■ What to work on: The line containing "Ivory rug corner" marks the end: quote every line from the start of the records below through it, word for word.

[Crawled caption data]
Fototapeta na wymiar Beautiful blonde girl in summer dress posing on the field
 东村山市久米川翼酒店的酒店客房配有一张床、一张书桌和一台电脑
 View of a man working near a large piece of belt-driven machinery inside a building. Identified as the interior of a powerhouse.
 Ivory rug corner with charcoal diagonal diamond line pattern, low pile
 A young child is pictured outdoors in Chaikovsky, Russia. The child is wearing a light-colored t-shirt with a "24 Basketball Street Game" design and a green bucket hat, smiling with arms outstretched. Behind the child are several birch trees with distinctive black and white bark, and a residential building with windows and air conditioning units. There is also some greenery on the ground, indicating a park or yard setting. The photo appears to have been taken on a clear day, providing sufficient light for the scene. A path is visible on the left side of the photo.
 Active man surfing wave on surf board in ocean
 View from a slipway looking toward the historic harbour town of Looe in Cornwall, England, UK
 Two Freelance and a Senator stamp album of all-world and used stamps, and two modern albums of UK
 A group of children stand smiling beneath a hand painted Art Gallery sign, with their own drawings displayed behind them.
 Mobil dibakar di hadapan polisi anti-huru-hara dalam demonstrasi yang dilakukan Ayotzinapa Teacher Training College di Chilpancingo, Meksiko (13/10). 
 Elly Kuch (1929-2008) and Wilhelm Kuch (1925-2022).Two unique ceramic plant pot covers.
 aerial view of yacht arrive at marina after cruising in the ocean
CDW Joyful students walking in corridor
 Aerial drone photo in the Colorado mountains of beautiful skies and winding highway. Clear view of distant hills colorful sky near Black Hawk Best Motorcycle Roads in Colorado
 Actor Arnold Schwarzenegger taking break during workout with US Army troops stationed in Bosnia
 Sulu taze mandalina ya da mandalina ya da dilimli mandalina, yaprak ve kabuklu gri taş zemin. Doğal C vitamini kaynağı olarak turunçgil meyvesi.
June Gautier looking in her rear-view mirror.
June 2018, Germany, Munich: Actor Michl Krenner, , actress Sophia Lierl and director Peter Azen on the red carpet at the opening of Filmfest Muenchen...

■ Output:
Fototapeta na wymiar Beautiful blonde girl in summer dress posing on the field
 东村山市久米川翼酒店的酒店客房配有一张床、一张书桌和一台电脑
 View of a man working near a large piece of belt-driven machinery inside a building. Identified as the interior of a powerhouse.
 Ivory rug corner with charcoal diagonal diamond line pattern, low pile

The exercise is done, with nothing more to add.